その彼らがAI音声対話アバターを開発したのは、新型コロナによる大きな影響があったためだ。電話やメール、チャット、SNS、アプリなどさまざまな通信手段に対応するオムニチャネル化が進んでいたとはいえ、ステイホームによってスタッフのコンタクトセンターへの出勤がままならなくなってしまった。

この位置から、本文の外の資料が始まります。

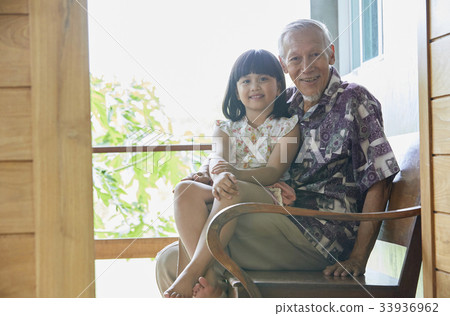 photo of a grandfather and a child sitting on bench and smiling photo of a grandfather and a child sitting on bench and smiling 33936962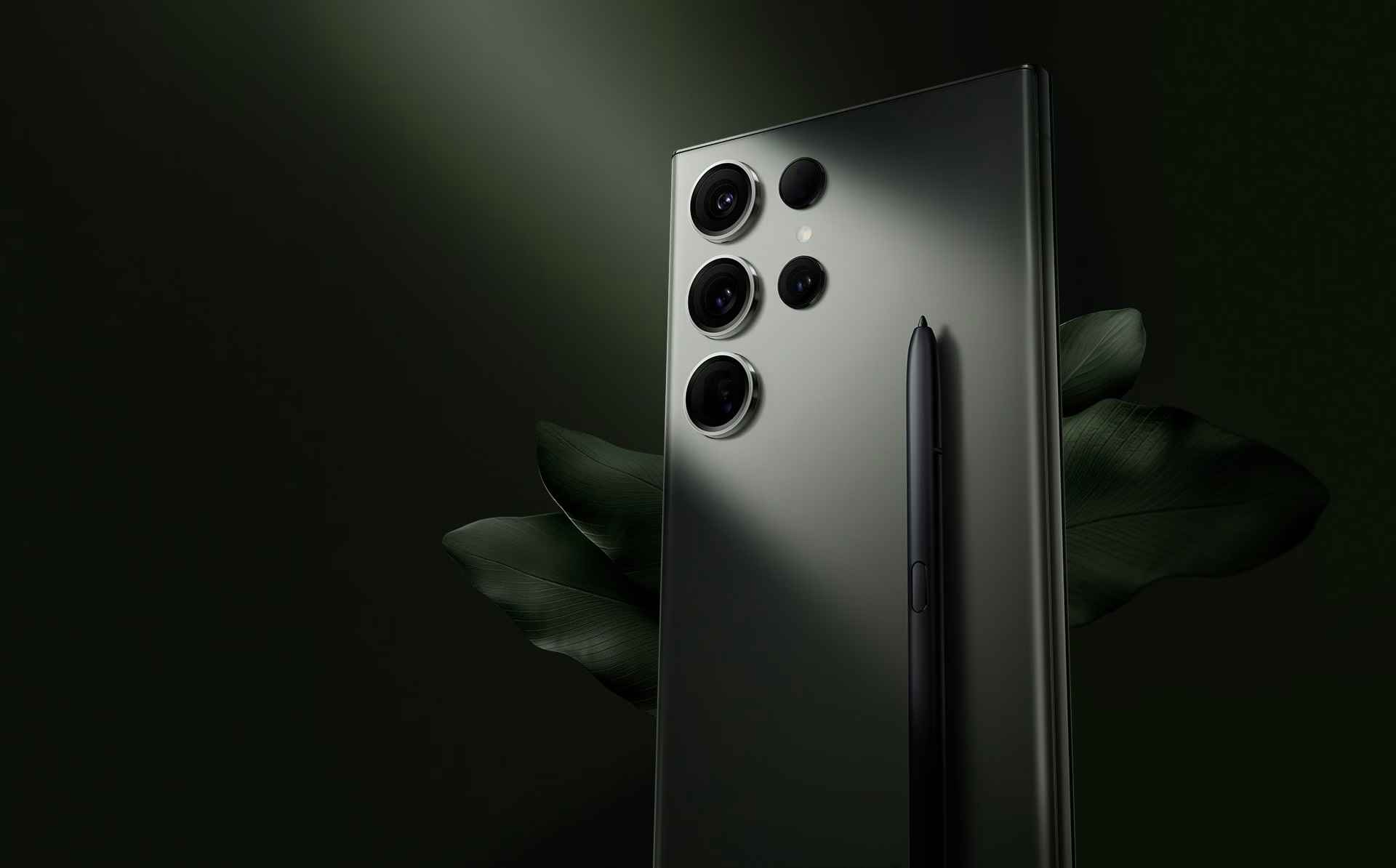 Зелений смартфон Galaxy S23 Ultra (вигляд ззаду) зображено під невеликим кутом. Перед ним лежить перо S Pen.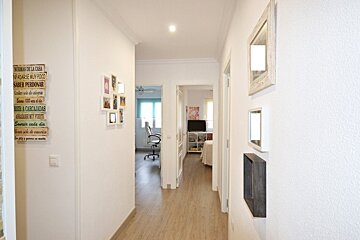 Bright white hallway with light wooden floors, decorated walls, and open doorways leading to other rooms in the background.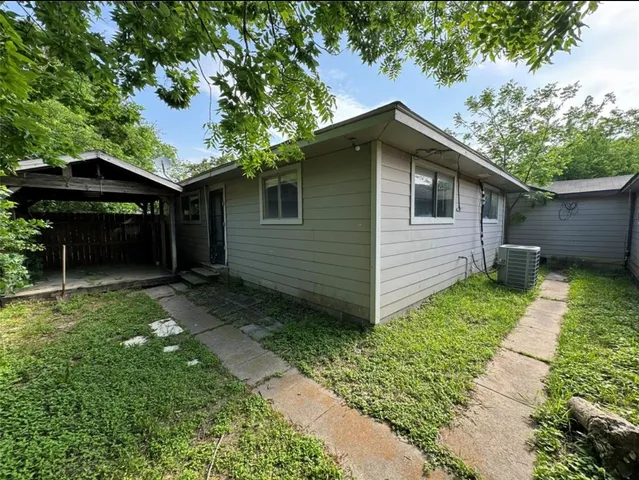 a backyard of a house with plants and barbeque oven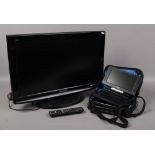 A Panasonic LCD TV model TX - 26 x 10B along with a portable Panasonic DVD player in carry bag, TV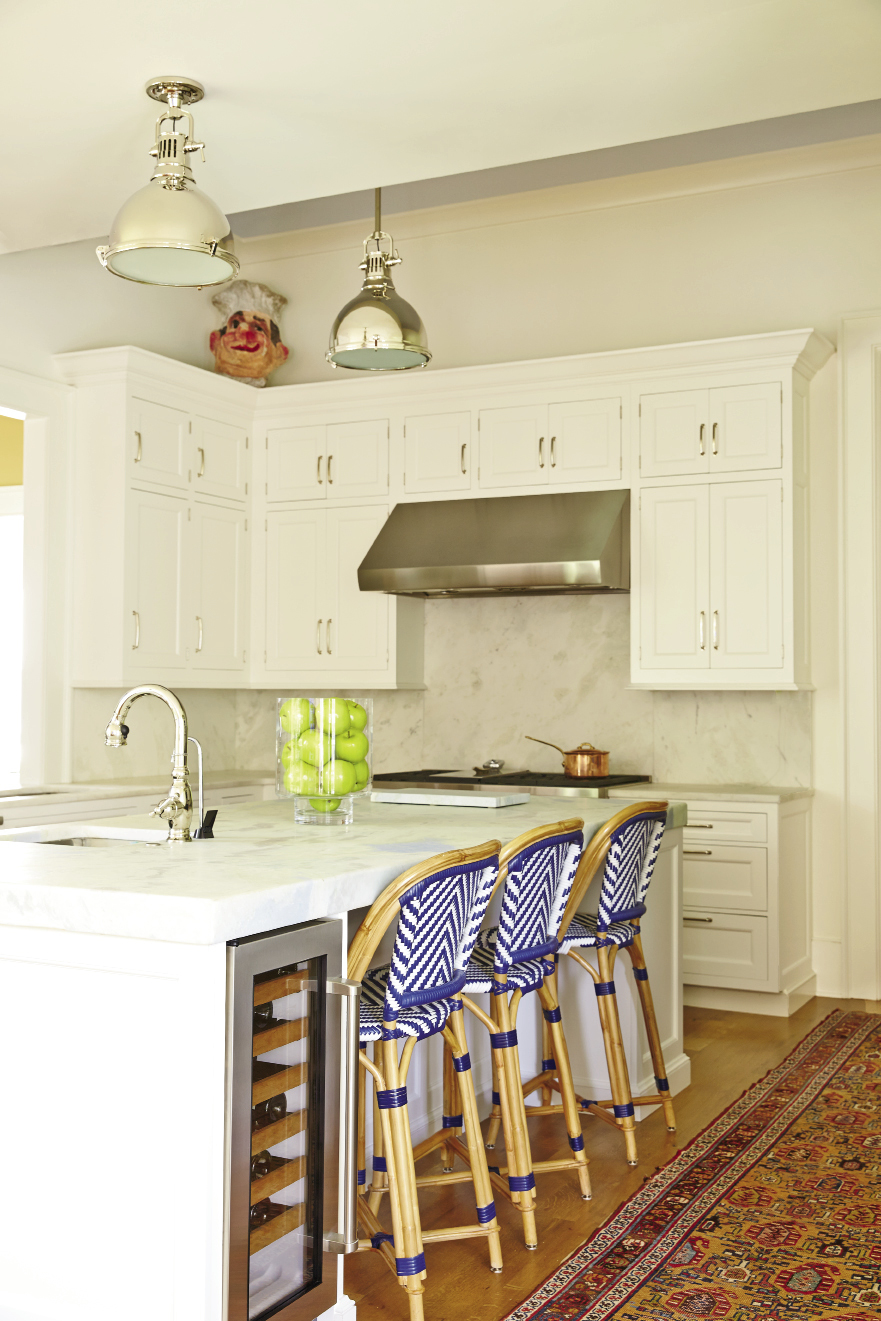 Custom Wood-Mode cabinets offer streamlined storage in the classic white-on-white kitchen, as well as in the adjacent casual family living space.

「そこで2020年から、メタバースが新たな顧客接点になりうるかということを考え始めました。しかしメタバース下でコンタクトセンター事業そのものを行うとなると、メタバースのプラットフォーム側の制約にかなり縛られるため難しかったんです。ではほかのメタバースの利用方法はないかと考えたときに、アバターならお客さんと会えるし、お客さんも店舗のなかにいるような感覚で問い合わせができる。これは新たなチャネルとしてメタバースを活用できるのではと考えました」(今宮氏)
複数のプラットフォームで活用できる技術
開発を担当した同社の鈴木亮太氏も、メタバースではアバターを介して多くの人と別け隔てなくコミュニケーションができる点に着目したという。
「現実の店舗や駅構内などのサイネージで使えるAI対話システムは、なんだか気恥ずかしく感じてしまってしゃべりかけるのに心理的なハードルがあったんです。でも昨年の冬くらいから個人的にVRChatに触れる機会があり、誰とでも話せることから、AIとユーザーが同じ立場になれる空間ではないか、と考えました」(鈴木氏)
AI音声対話アバター「AI Avatar AOI」のデモンストレーションも、メタバースサービスのVRChatを用いて行われた。発表会会場にいたのは女性の姿でデザインされた「AI Avatar AOI」。アバターの周囲には応対できる会話候補が表示されていたが、ほかの問いかけでも立派に反応してくれたし、この会話候補は非表示にすることもできる。またVRChatの仕様上、アバターのデザインを変更するのも簡単だ。性別や年齢、種族も含めて働く場所に合わせて自由にコントロールできる。
「VRChatをはじめとしたメタバースは、さまざまなアバターでさまざまなワールドを渡り歩いてゆけます。アバターの外観を自由に選択するという部分でも、さまざまなワールドを自由に案内できるという設計も、ソーシャルVRの文化を尊重したいという考えがありました」(鈴木氏)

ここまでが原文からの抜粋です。